Saturday, October 3, 2009

Pakistan Gets New Chinese Frigate

Defense News

04/10/08

Pakistan Gets New Chinese Frigate

BY WENDELL MINNICK

TAIPEI - Pakistan's first F-22P Sword-class frigate was launched April 7 during a ceremony at the Hudong Zhonghua Shipyard in Shanghai, China.

The PNS Zulifqar was part of a $750 million deal for four frigates, signed in 2005. Three of the ships will be built in Shanghai, while the fourth will be constructed by Pakistan's Karachi Shipyard and Engineering Works under a technology transfer agreement.

"This is a version of the Jiangwei-class frigates the Chinese have been building since the early 1990s," said Bernard "Bud" Cole, author of "The Great Wall at Sea: China's Navy Enters the 21st Century." "The version being built for Pakistan is probably the Jiangwei II-class."

Cole believes it will be very capable but relatively small at 2,250 tons. Though multimission-capable, "armed with sub-sonic anti-ship missiles (C802), a short-range (and historically not very reliable) anti-aircraft missile system, a single 76mm gun, anti-submarine torpedoes," and able to embark the Z-9 helicopter, the new ships will be "nothing that is going to frighten the Indians," he said.

The frigates will join six Amazon-class frigates built in Britain in the early 1970s, which Pakistan acquired in the early 1990s. Pakistan has no destroyers and a small number of Karachi-built Jalalat-class guided-missile patrol crafts, armed with Chinese-made C-801 (Sardine) anti-ship missiles; and three ex-Chinese Huangfeng class (Chinese Project 21) missile boats, armed with C-201 anti-ship missiles.

Though Pakistan hopes to advance its domestic shipbuilding capability, there are doubts the construction of only one frigate will help. Ayesha Siddiqa, author of "Military Inc.: Inside Pakistan's Military Economy," does not believe Pakistan will benefit from building only one frigate domestically.
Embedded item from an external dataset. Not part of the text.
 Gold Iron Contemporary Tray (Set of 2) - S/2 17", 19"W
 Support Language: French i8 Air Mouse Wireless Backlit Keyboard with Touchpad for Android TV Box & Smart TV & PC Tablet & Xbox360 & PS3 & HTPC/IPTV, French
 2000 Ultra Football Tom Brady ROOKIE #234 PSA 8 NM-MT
"I have handled the F-22P frigate case and know the details. And this will not enhance Pakistan's shipbuilding capabilities," said Siddiqa, a defense analyst who once served as Pakistan's director of naval research. "This depends on Pakistan's ability to make more ships and market these, which I do not see happening."

Pakistan's President Pervez Musharraf left April 10 for a six-day official visit to China, where he will meet with Chinese President Hu Jintao and Premier Wen Jiabao to discuss defense and economic ties. The Pakistan delegation includes Defense Minister Chaudhry Ahmed Mukhtar and Foreign Minister Shah Mahmood Qureshi.

Siddiqa said the "mainstay of Pakistan-China relations is defense relations. The economic relations are a new dimension. [And the] sale to Pakistan attracts new buyers for China."

Cole believes the recent frigate sale is "the latest iteration of Chinese arms sales to Pakistan - the most advanced surface combatant sold to Islamabad. It demonstrates China's continued support for Pakistan [and] indicates Beijing's willingness to sell the Jiangwei class, which is advanced over previous sales of warships to other nations that have been limited to the much older, much less-capable Jianghu-class frigate."

Pakistan and China are also working on a joint fighter build program, dubbed the JF-17 Thunder in Pakistan and the Chengdu FC-1 Fierce Dragon (Xiaolong) in China.

Despite Pakistan's continued and growing relationship with China, the United States continues to work closely with the Pakistan military. On the same day the F-22P was launched in Shanghai, the Pakistan Air Force took delivery of new Lockheed Martin TPS-77 3-D, transportable, long-range air surveillance radars. Pakistan ordered six radars in 2005 in an $89 million U.S. Foreign Military Sales contract.